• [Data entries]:
==========

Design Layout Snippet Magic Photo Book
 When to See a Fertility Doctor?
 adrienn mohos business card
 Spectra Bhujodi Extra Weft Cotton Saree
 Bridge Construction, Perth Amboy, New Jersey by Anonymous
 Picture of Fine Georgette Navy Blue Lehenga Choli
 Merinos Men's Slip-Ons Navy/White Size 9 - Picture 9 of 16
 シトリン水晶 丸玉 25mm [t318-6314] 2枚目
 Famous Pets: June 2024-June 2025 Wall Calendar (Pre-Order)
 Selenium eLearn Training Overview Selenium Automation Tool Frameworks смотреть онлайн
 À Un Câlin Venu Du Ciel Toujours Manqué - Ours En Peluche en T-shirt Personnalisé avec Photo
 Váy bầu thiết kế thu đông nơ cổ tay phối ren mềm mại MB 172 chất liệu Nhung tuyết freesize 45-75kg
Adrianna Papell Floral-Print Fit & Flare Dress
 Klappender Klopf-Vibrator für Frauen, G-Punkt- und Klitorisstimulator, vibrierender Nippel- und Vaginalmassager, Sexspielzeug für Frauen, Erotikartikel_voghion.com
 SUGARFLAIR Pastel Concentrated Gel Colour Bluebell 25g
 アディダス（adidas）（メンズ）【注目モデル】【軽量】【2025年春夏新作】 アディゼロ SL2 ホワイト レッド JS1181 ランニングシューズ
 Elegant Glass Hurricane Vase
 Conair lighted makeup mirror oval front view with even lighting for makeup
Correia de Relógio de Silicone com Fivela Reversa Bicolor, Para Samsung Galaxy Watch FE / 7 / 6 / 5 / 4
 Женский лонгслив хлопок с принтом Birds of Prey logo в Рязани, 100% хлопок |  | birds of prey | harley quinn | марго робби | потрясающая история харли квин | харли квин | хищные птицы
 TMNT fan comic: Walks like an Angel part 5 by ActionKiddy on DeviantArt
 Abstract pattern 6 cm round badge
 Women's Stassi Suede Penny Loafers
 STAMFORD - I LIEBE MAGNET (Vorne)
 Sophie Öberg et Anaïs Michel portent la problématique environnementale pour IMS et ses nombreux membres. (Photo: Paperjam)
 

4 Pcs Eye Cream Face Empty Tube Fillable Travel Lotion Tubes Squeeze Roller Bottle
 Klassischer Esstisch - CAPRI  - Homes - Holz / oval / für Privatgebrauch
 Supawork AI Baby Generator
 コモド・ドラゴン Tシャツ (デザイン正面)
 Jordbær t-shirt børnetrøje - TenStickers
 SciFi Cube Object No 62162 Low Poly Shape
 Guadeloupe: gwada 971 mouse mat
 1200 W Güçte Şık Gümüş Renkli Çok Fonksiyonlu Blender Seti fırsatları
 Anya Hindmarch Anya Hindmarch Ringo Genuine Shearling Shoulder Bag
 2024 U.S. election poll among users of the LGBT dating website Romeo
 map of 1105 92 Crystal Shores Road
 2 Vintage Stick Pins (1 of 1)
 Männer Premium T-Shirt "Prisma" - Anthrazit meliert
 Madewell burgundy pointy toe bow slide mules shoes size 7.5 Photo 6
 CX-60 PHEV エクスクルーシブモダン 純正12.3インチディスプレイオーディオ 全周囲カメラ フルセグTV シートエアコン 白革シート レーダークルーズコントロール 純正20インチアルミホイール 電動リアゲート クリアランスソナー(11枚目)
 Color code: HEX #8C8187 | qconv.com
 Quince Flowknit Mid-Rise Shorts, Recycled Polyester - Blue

==========

• [Task statement]: What is needed is an exact retyping of every line from the one containing "2 Vintage Stick Pins (1 of 1)" through the final line of the entries, and only those lines.

• [Task response]:
 2 Vintage Stick Pins (1 of 1)
 Männer Premium T-Shirt "Prisma" - Anthrazit meliert
 Madewell burgundy pointy toe bow slide mules shoes size 7.5 Photo 6
 CX-60 PHEV エクスクルーシブモダン 純正12.3インチディスプレイオーディオ 全周囲カメラ フルセグTV シートエアコン 白革シート レーダークルーズコントロール 純正20インチアルミホイール 電動リアゲート クリアランスソナー(11枚目)
 Color code: HEX #8C8187 | qconv.com
 Quince Flowknit Mid-Rise Shorts, Recycled Polyester - Blue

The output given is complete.